Issue 6 and 7: Unconscionability/Against Public Policy
[41] Given the result of my analysis with respect to the applicability of clause 25, it is not necessary to decide these issues.
Issue 8: Duty to mitigate
[42] Bell argues that the deputy judge erred in failing to consider the respondent’s obligation to mitigate and in failing to reduce his damages, accordingly. It would appear from Bell’s factum that the appellant is referring to Mr. O’Neill’s failure to call the “Bell retention department”, (although he was advised to do so during a conversation he had from New Zealand with Bell after he discovered that his Blackberry would not receive emails), his failure to call the store in Sault Ste. Marie from which he purchased the device, and his failure to purchase another mobile device from a third party service provider in New Zealand.
[43] With respect, it appears to me that the deputy judge did, in fact, turn his mind to the issue of mitigation. At page 19 of his reasons, at paragraph number 8, he refers to the fact that Bell was “nonresponsive to the plaintiff’s needs expressed by him in New Zealand to the extent that the defendant would not advise the plaintiff of any solution to his problems in New Zealand that did not involve products or services the defendant could sell or provide to the plaintiff”. From this comment, I conclude that the trial judge was alive to the efforts that Mr. O’Neill made to mitigate his loss, once discovered. I also assume that the trial judge was of the view that it does not lie in the mouth of the appellant to say that the plaintiff should have turned to a third party for assistance even though Bell refused to refer him to one. At a minimum, it is clear that the trial judge was aware of the evidence that Mr. O’Neill attempted to mitigate his loss by contacting Bell while he was in New Zealand.
[44] Further, the transcript does contain an indication in the evidence of Mr. O’Neill that he did try another phone store on the suggestion of Bell. [2] In addition, the transcript indicates that, even if Mr. O’Neill had purchased another device it would not have been linked to his work email address, at least without considerable effort on his part and the part of others outside of New Zealand. [3]

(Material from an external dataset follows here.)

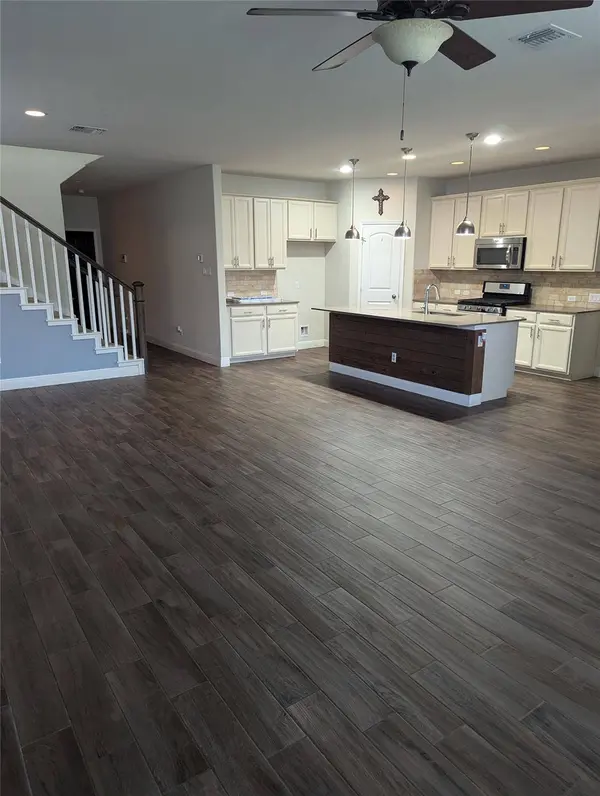 132 Andele WAY, Liberty Hill, TX 78642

[45] In the circumstances, in my view, it was open to the trial judge to conclude that Mr. O’Neill had taken reasonable steps to mitigate his loss. Therefore, I would not give effect to this ground of appeal.
ORDER
[46] In the result, the appeal will be dismissed.
[47] I fix costs of the appeal in the amount of $5,000, inclusive of G.S.T. and disbursements.
Ellies, J.
Released: 20120426
ONTARIO SUPERIOR COURT OF JUSTICE
MICHAEL S. O’NEILL – and – BELL MOBILITY INC.

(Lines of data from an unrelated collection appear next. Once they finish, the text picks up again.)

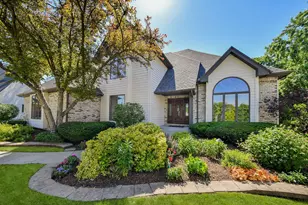 103 Hawkins Cir, Wheaton, IL 60189 - Photo 1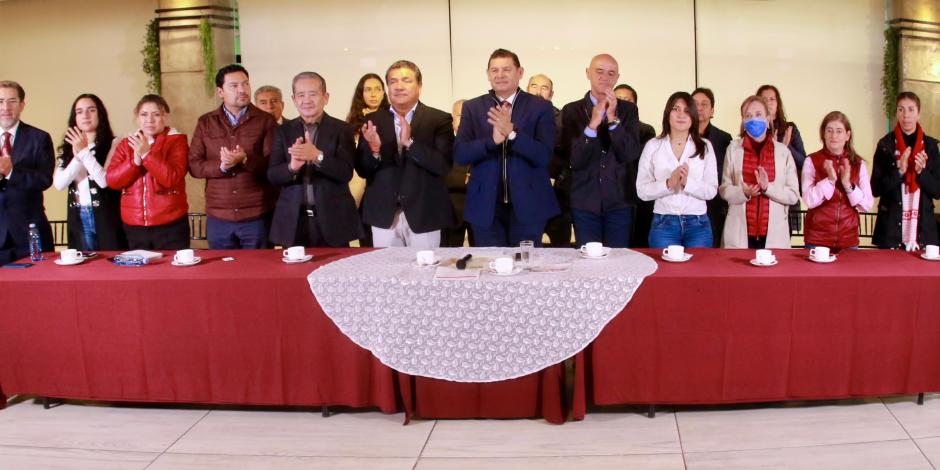 Alejandro Armenta, quien busca ser el próximo gobernador de Puebla, al centro de la imagen.
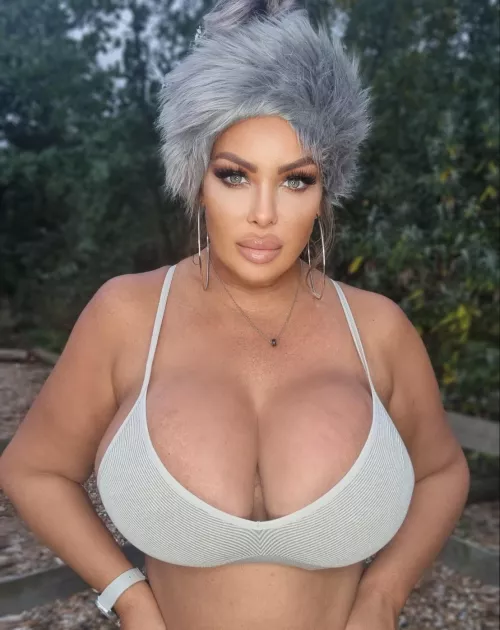 Big lips and tits what's not to like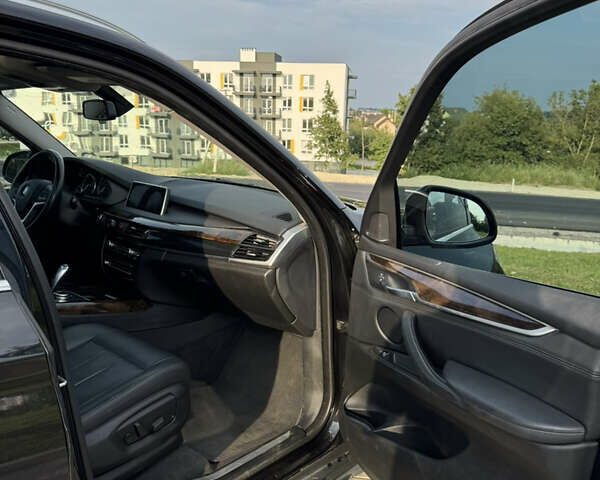 Чорний БМВ Х5, об'ємом двигуна 2.98 л та пробігом 181 тис. км за 20100 $, фото 14 на Automoto.ua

REASONS FOR DECISION ON Appeal
Ellies, J.
Released: 20120426
10. Warranty.
The performance, quality, or suitability of your Device and any accessories or other equipment provided to you in connection with the Service are subject to the manufacturers’ warranties and the specifications of Bell for the Device and such equipment, and any extended warranty you may have purchased. Your remedy for failure of a Device to meet any applicable warranty is specified in the manufacturer’s warranty or extended warranty. Bell and/or the manufacturer may (but are not obligated to) perform out-of-warranty repair services. Bell may charge you if you use a “loaner” device in connection with any repair services. Charges for out-of-warranty repair services and “loaner” devices will be advised to you in advance. Your Device is also subject to the return policy set out in the service agreement to which these Terms of Service are attached.
WE DO NOT WARRANT OR GUARANTEE THAT THE DEVICE, EQUIPMENT OR SERVICES WILL OPERATE ERROR-FREE OR WITHOUT FAILURE OR INTERRUPTION, OR THAT ANY COMMUNICATIONS WILL BE PRIVATE OR SECURE... (emphasis in original)
Bell disclaims any other representations, warranties and conditions, express, implied or statutory, EXCEPT to the extent that THIS disclaimer is expressly prohibited by any law to which Bell is subject.
Your remedy for failure of a Service to meet any applicable warranty is a refund of charges related to any such failure of that Service lasting at least 24 hours to a maximum of $20, upon written request approved by us acting reasonably.
[1] Royal Bank v. Bruce Industrial Sales Ltd., (1998) 1998 3050 (ON CA) , 40 O.R. (3 rd ) 307; 473807 Ontario Ltd. v. T.D.L. Group Ltd., (2006) 2006 25404 (ON CA) , 47 R.P.R. (4 th ) 1
[2] Transcript, page 83, line 2.
[3] Transcript, page 127, line 24 et seq.